_Exercise goal_.
All that is needed is the lines from the one containing "Power Seamless Leggings | Washed Black" through the end of the listing, printed exactly, with no pictures among them.

_Material provided_.
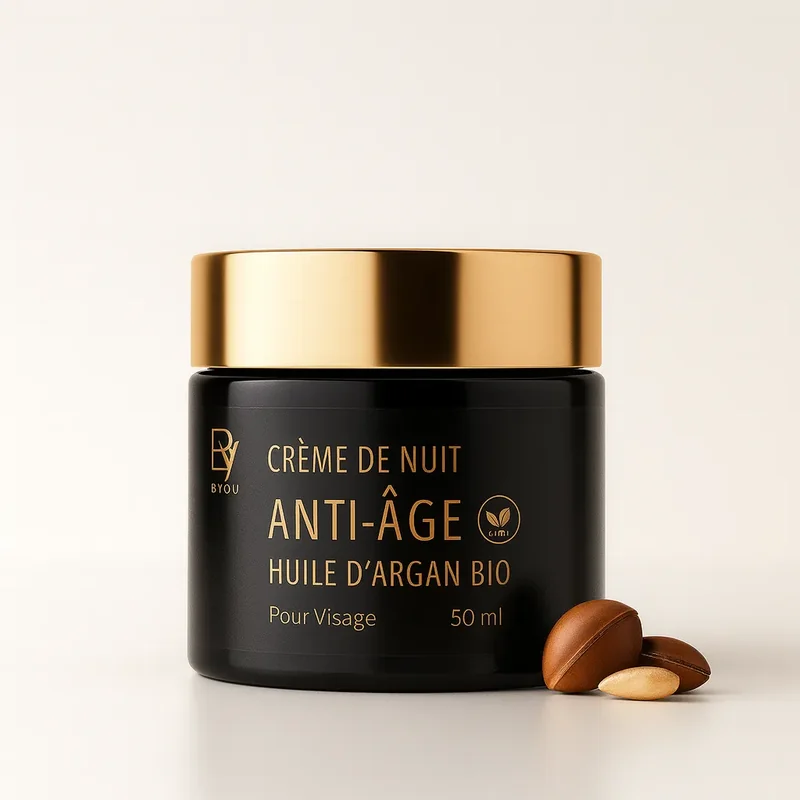 Crème de Nuit Anti-Âge - Huile d’Argan Bio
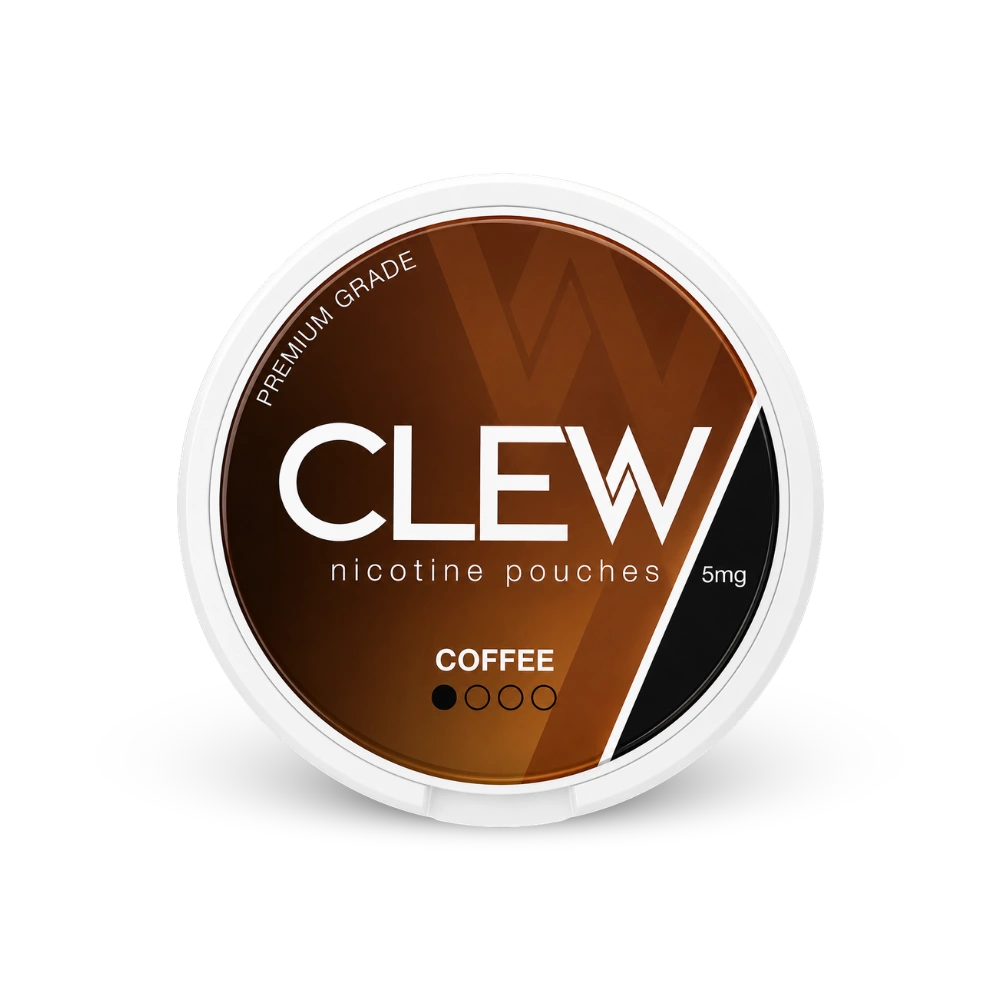 CLEW Coffee 5mg – nikotīna maisiņu bundža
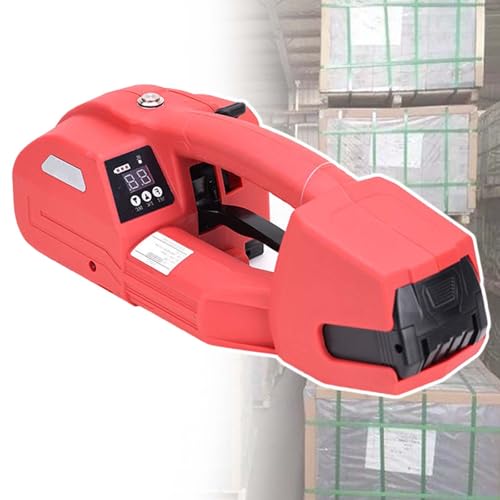vnmudzeo Rechargeable Welding Strapping Machine,Handheld Automatic PP/PET Banding Equipment,for 2/5 to 5/8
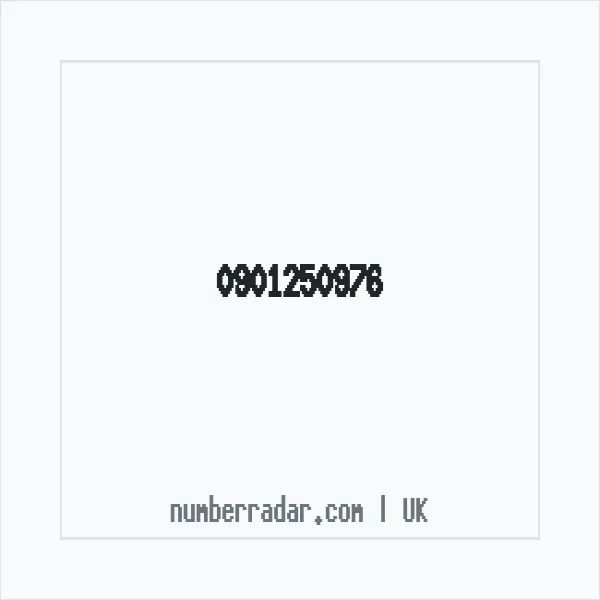 Reverse number check for +44 901250976 — who called me?
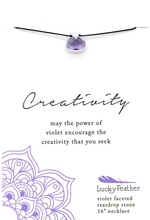 Load image into Gallery viewer, Lucky Feather Color Power Necklace - Violet
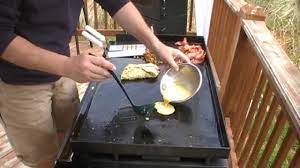 Taco Omelettes On The Blackstone Griddle Griddle Recipes Blackstone Griddle Griddle Cooking Recipes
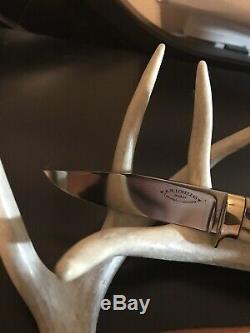 R. W. Loveless Custom Knife Maker 4 Straight Hunter-stag-sheath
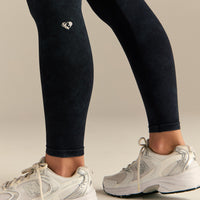 Power Seamless Leggings | Washed Black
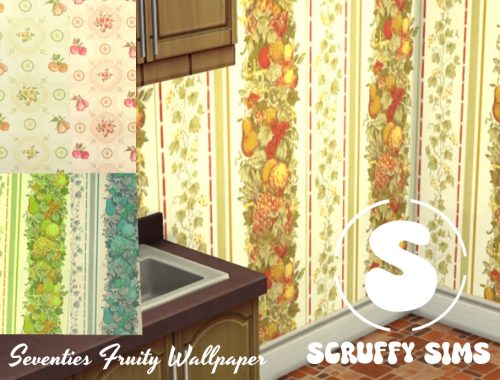 Seventies Fruity Wallpaper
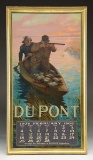 FRAMED DUPONT EXPLOSIVES 1906 CALENDAR.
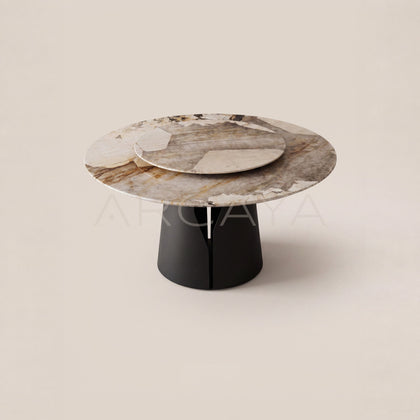 Patchwork Stone Split Cone Base Round Table - main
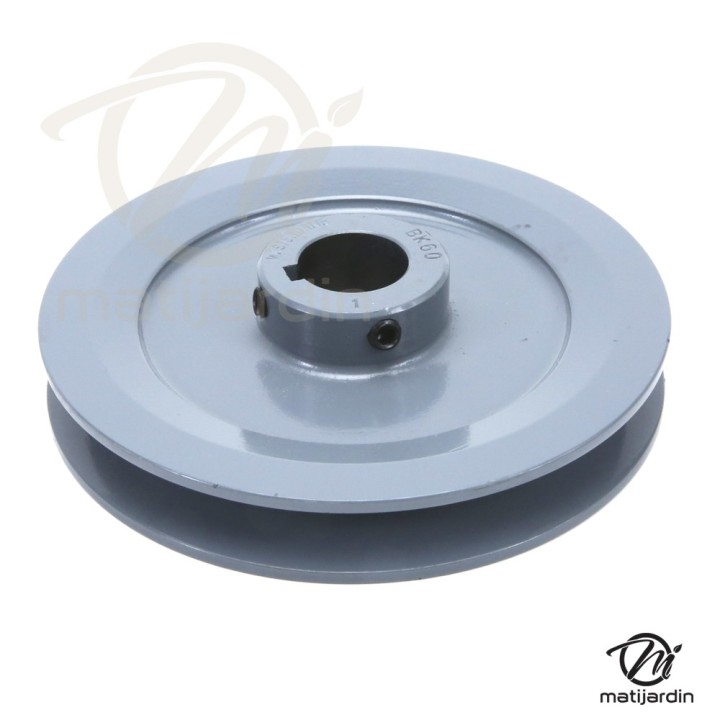 Poulie pour Bobcat/Ramsomes gorge en V. N°31011B. Ø 146 mm. Largeur 22,5 mm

_Final answer_.
 Power Seamless Leggings | Washed Black
 Seventies Fruity Wallpaper
 FRAMED DUPONT EXPLOSIVES 1906 CALENDAR.
 Patchwork Stone Split Cone Base Round Table - main
 Poulie pour Bobcat/Ramsomes gorge en V. N°31011B. Ø 146 mm. Largeur 22,5 mm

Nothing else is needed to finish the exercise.